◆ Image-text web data
BEGIN

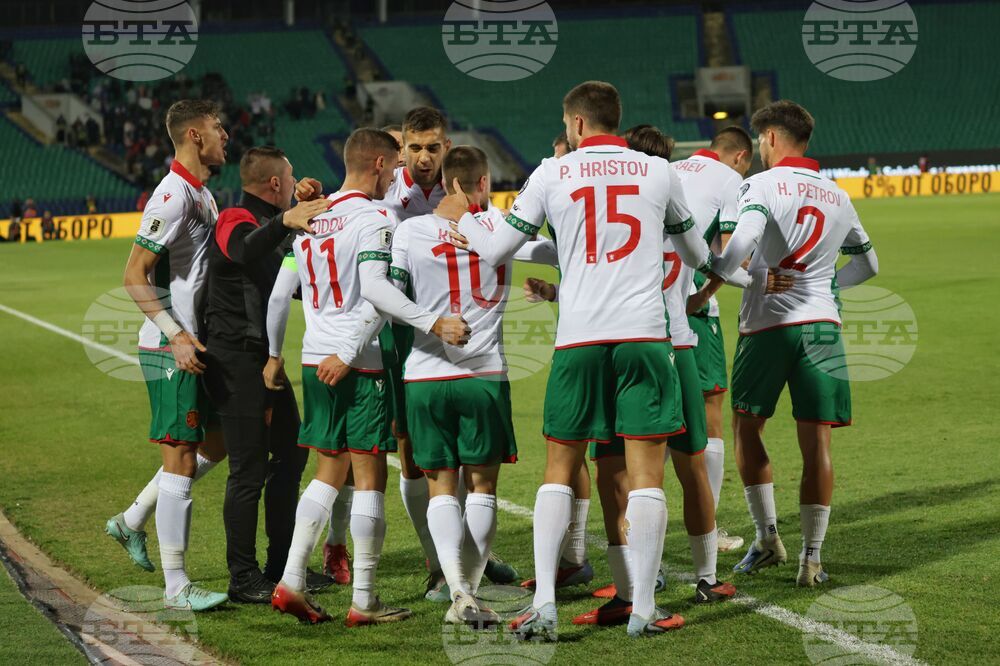 Двама защитници отпаднаха от групата на националния отбор на България за световните квалификации по футбол срещу Турция и Грузия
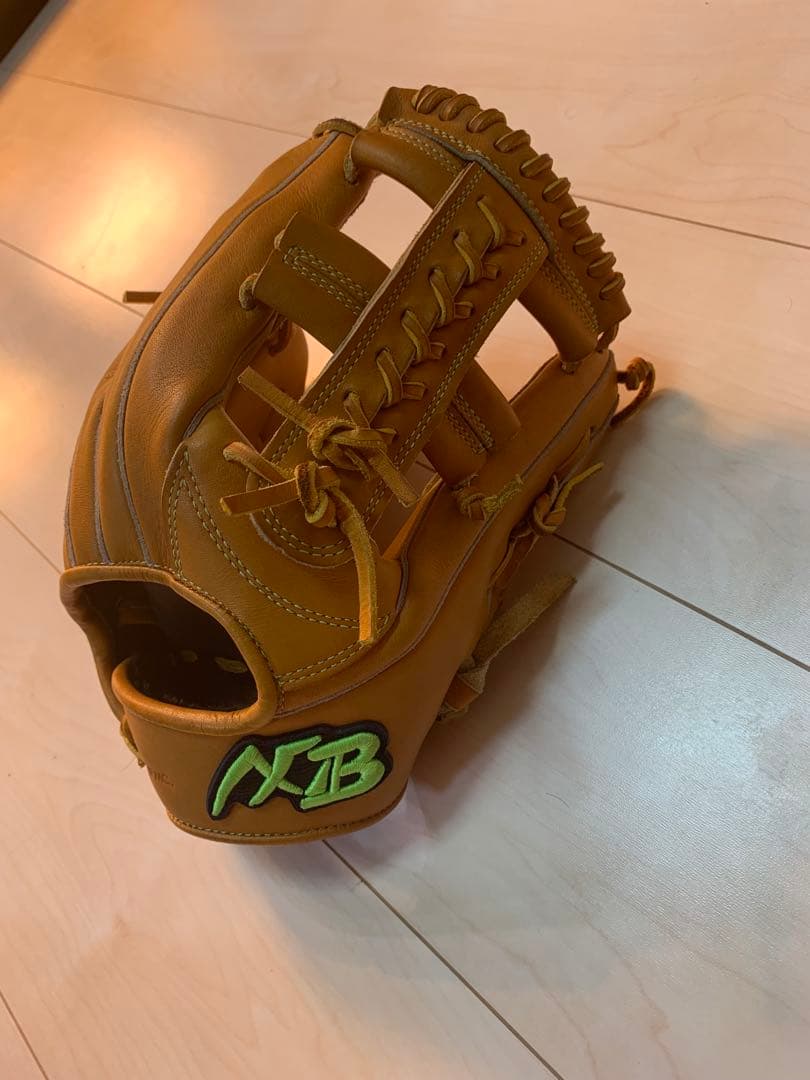 アクセフベルガード　硬式内野用グラブ　美品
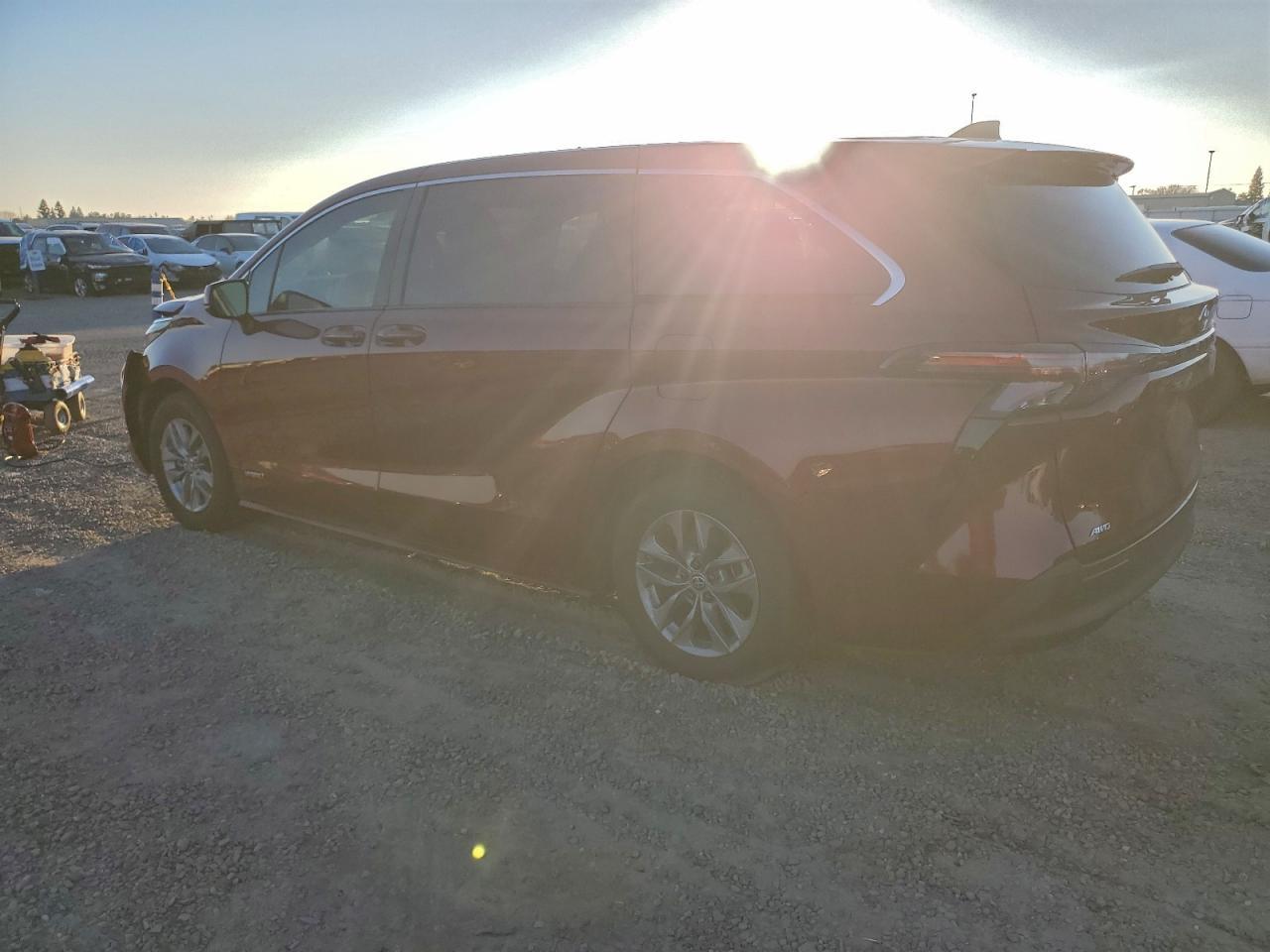 2021 Toyota Sienna Le - Фото 2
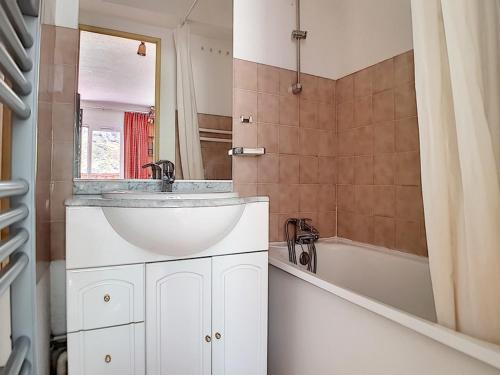 ein Badezimmer mit Waschbecken und Badewanne in der Unterkunft Appartement skis aux pieds avec balcon et parking - FR-1-344-880 in Les Bruyères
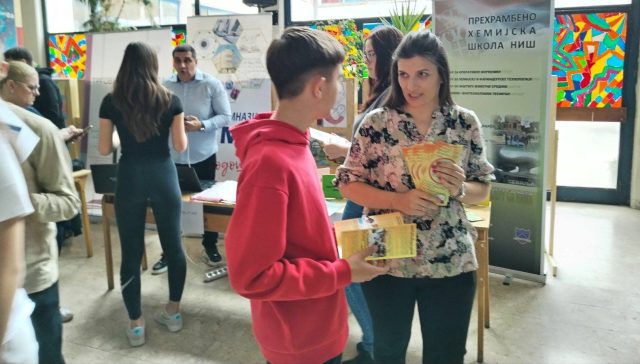 Прехрамбено-Хемијске школе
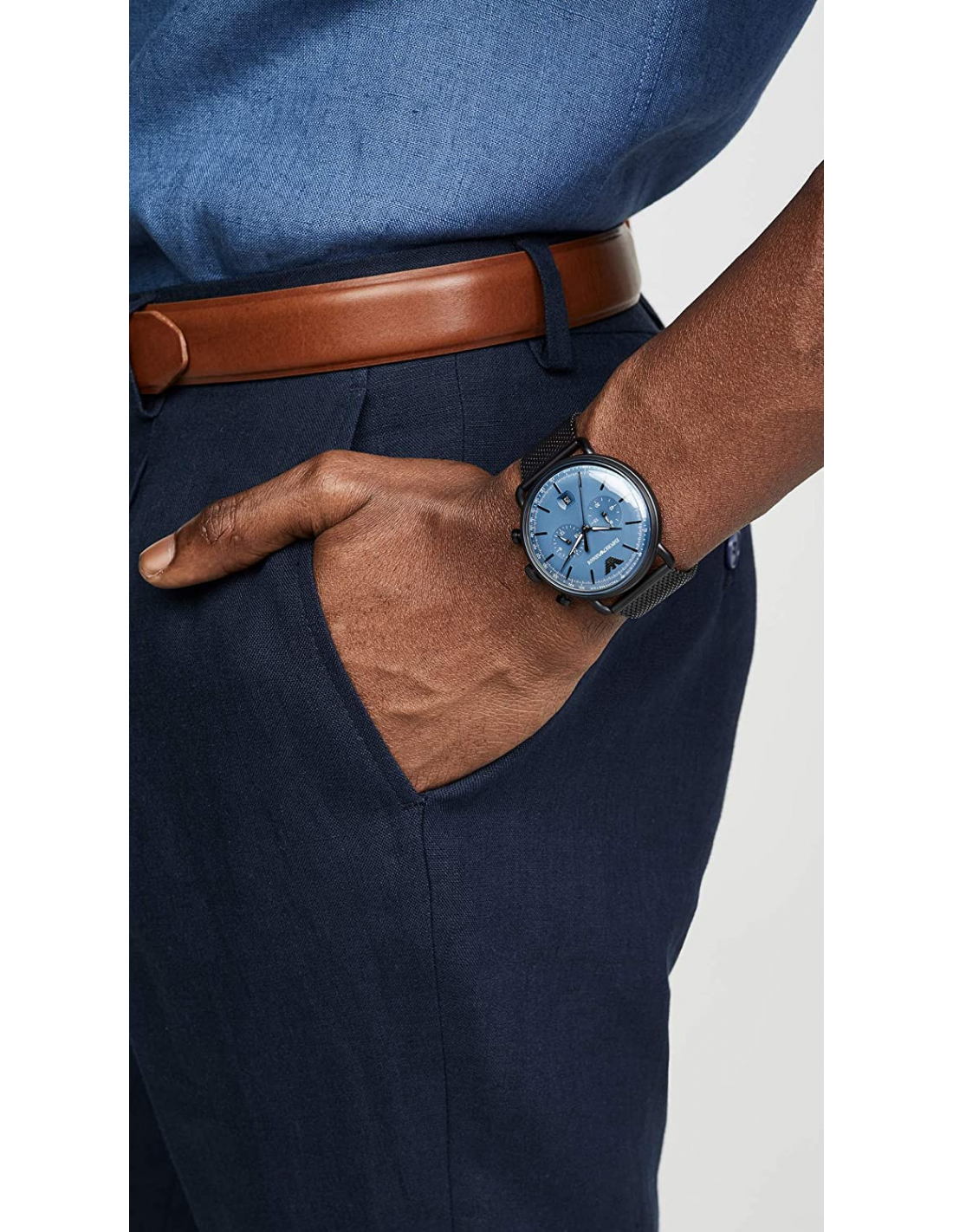 Montre Homme Emporio Armani Aviator AR11201, boîtier et maille milanaise noire, cadran bleu vue 3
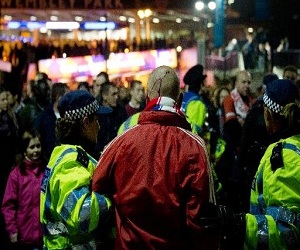 مصر اليوم - الفيفا يعاقب الأتحادين الإنكليزي والبولندي
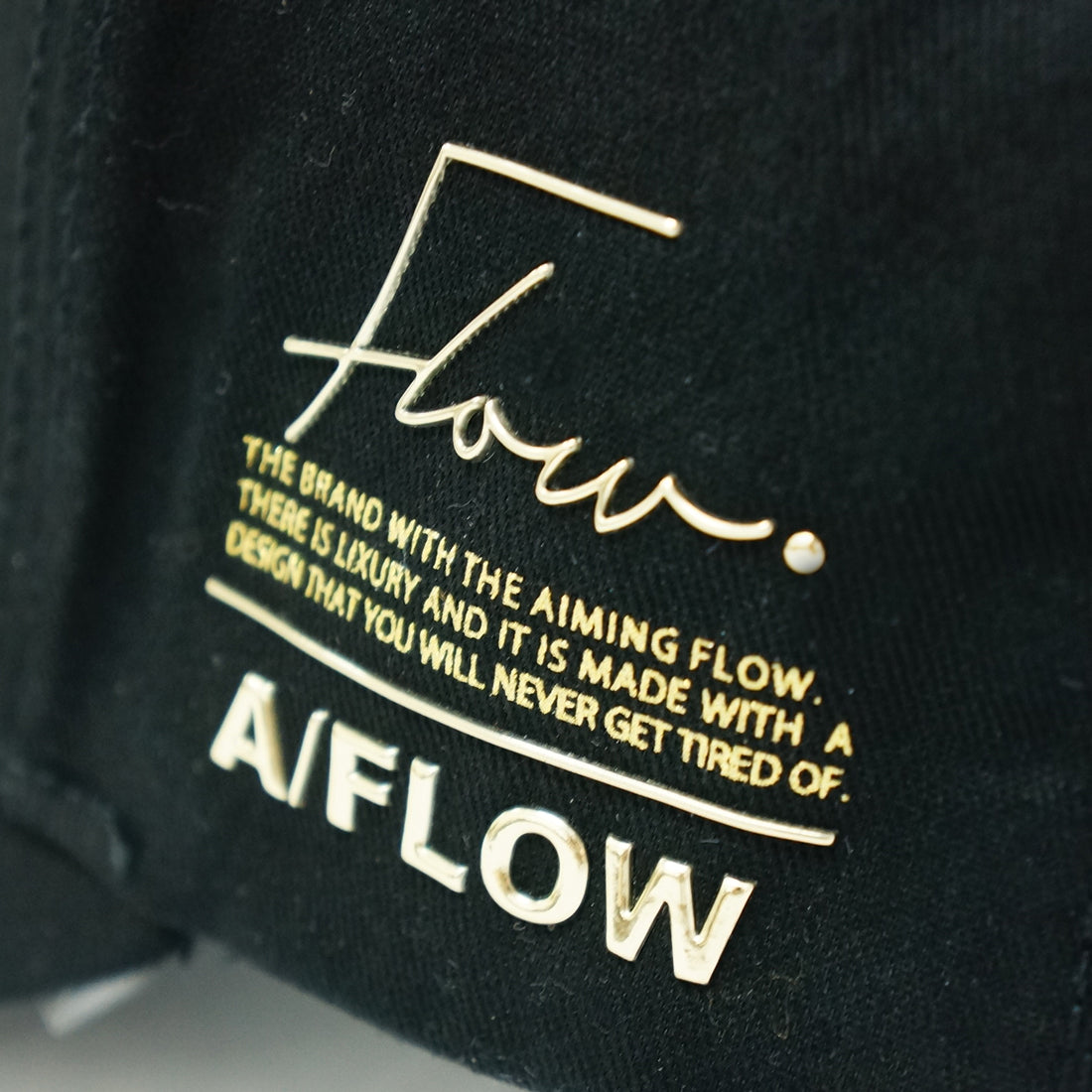 Flow メッセージ サイド ロゴ キャップ KSH347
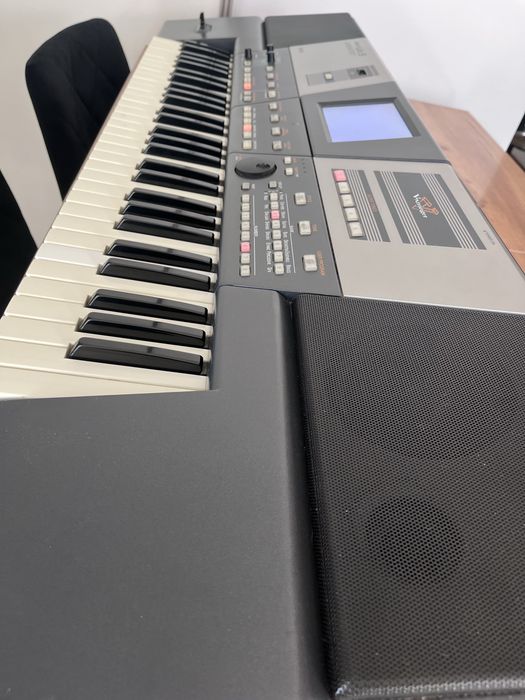 Sprzedam Arranger-keyboard Roland VA-5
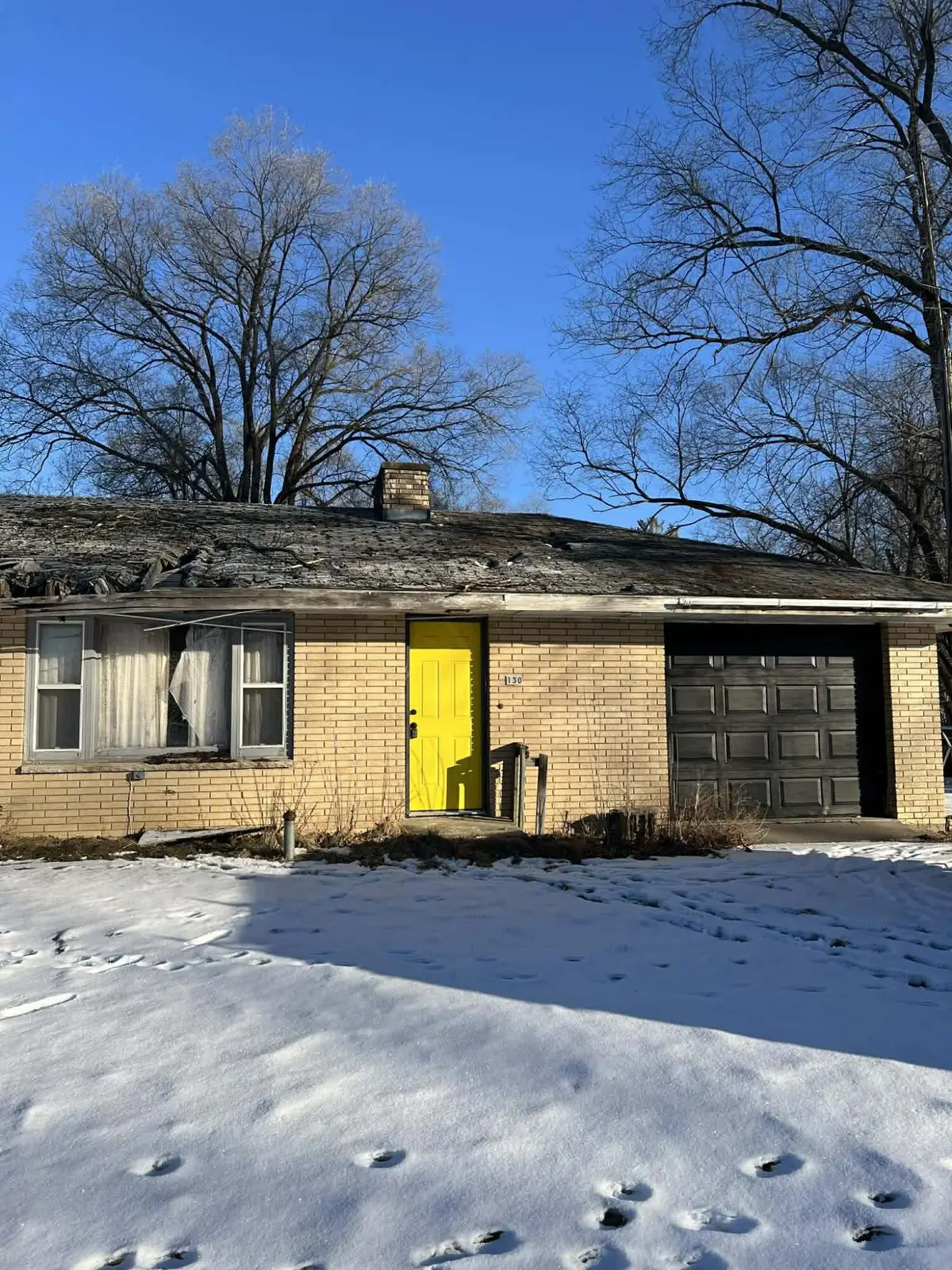 130 E Wood St, Oxford, WI 53952 - #1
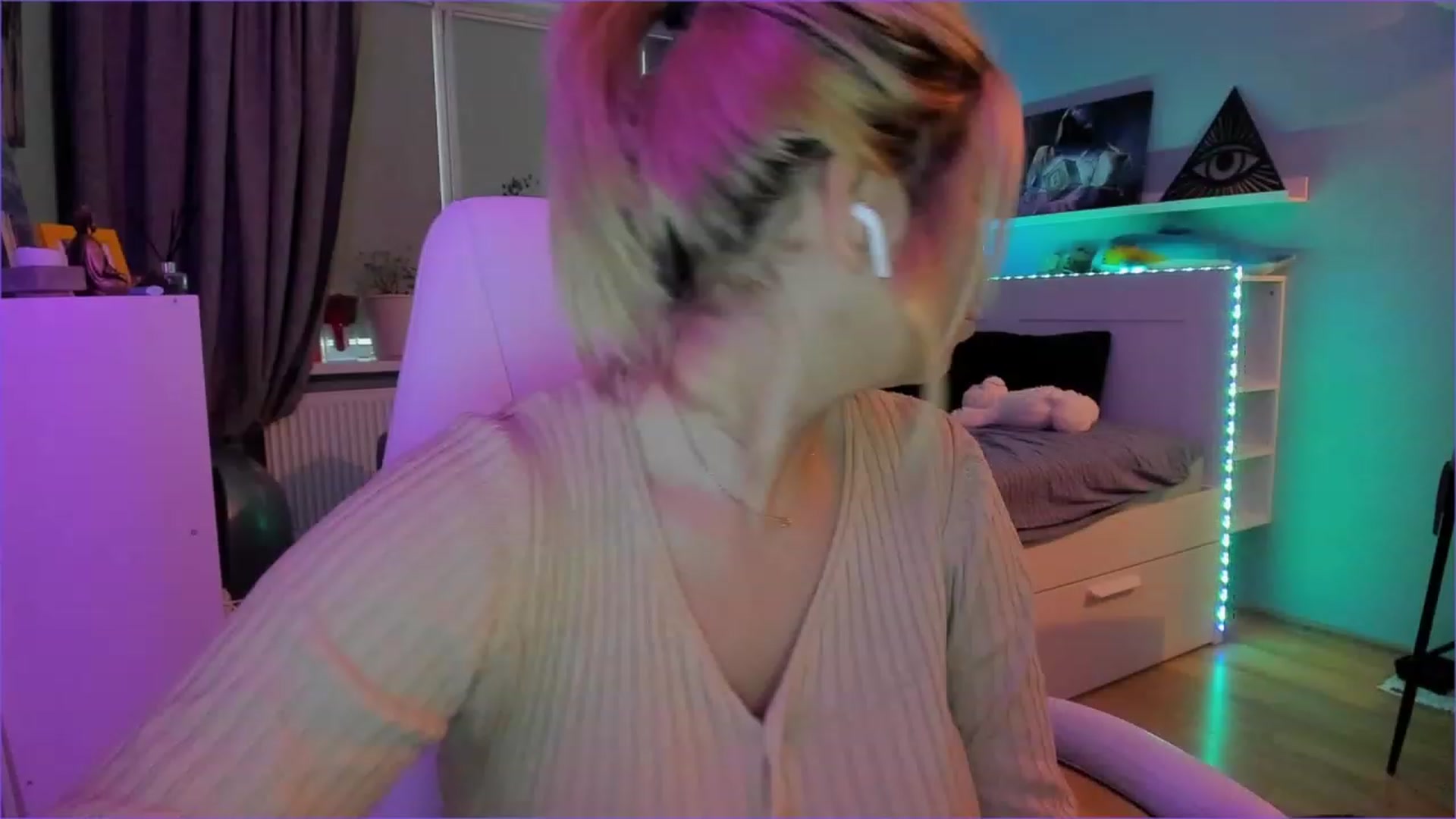 Gallery image thumbnail from NickyBlein's myfreecams stream on, 12/21/2022, 10:33 image 12 of 20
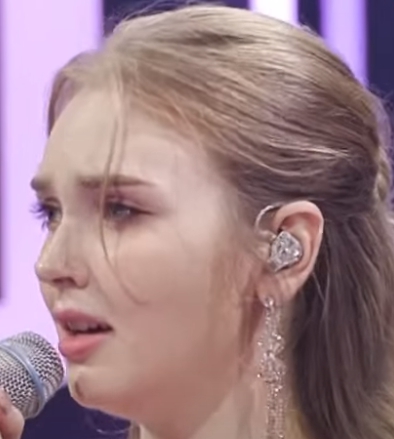 비에 젖은 터미널 - 마리아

END

◆ Your goal
Please output the lines of the records above from the one with "Montre Homme Emporio" through the last, exactly as they appear and with both ends included; skip any pictures and add nothing.

◆ Reply
 Montre Homme Emporio Armani Aviator AR11201, boîtier et maille milanaise noire, cadran bleu vue 3
 مصر اليوم - الفيفا يعاقب الأتحادين الإنكليزي والبولندي
 Flow メッセージ サイド ロゴ キャップ KSH347
 Sprzedam Arranger-keyboard Roland VA-5
 130 E Wood St, Oxford, WI 53952 - #1
 Gallery image thumbnail from NickyBlein's myfreecams stream on, 12/21/2022, 10:33 image 12 of 20
 비에 젖은 터미널 - 마리아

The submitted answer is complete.